With the pictures left out, retype exactly the lines below starting at the line that contains "Shop Marimekko Putrido" and ending at the line that contains "Furry Friends, Winter".

• _DATA TO USE_
__________
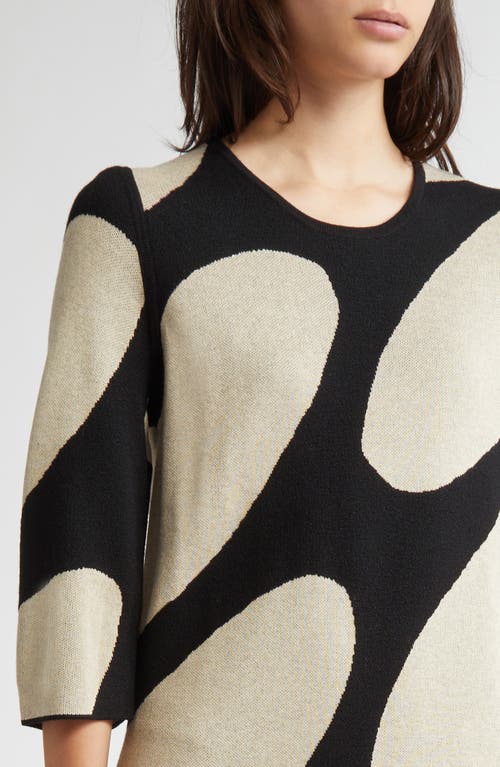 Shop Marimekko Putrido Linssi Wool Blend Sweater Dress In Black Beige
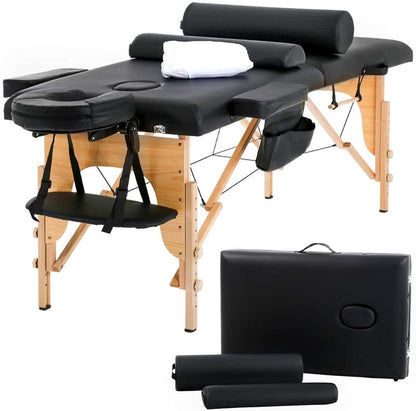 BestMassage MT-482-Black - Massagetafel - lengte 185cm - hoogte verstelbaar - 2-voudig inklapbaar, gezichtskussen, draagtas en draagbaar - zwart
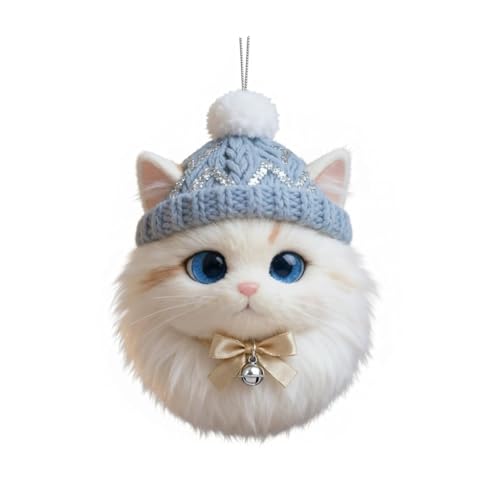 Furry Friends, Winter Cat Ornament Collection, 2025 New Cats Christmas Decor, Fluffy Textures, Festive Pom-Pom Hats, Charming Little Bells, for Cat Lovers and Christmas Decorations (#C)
__________
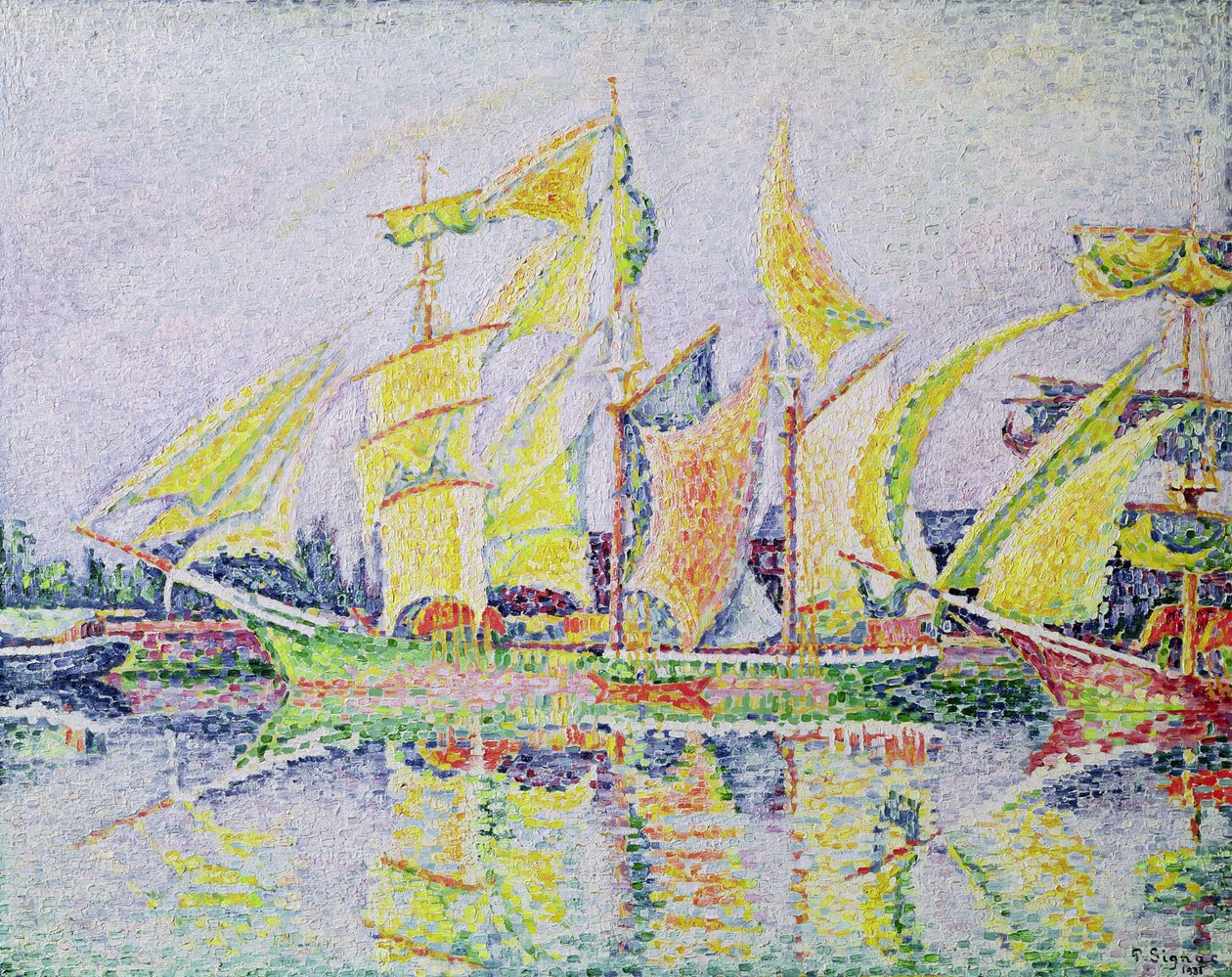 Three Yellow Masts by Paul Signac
__________
• _WRITTEN SOLUTION_
 Shop Marimekko Putrido Linssi Wool Blend Sweater Dress In Black Beige
 BestMassage MT-482-Black - Massagetafel - lengte 185cm - hoogte verstelbaar - 2-voudig inklapbaar, gezichtskussen, draagtas en draagbaar - zwart
 Furry Friends, Winter Cat Ornament Collection, 2025 New Cats Christmas Decor, Fluffy Textures, Festive Pom-Pom Hats, Charming Little Bells, for Cat Lovers and Christmas Decorations (#C)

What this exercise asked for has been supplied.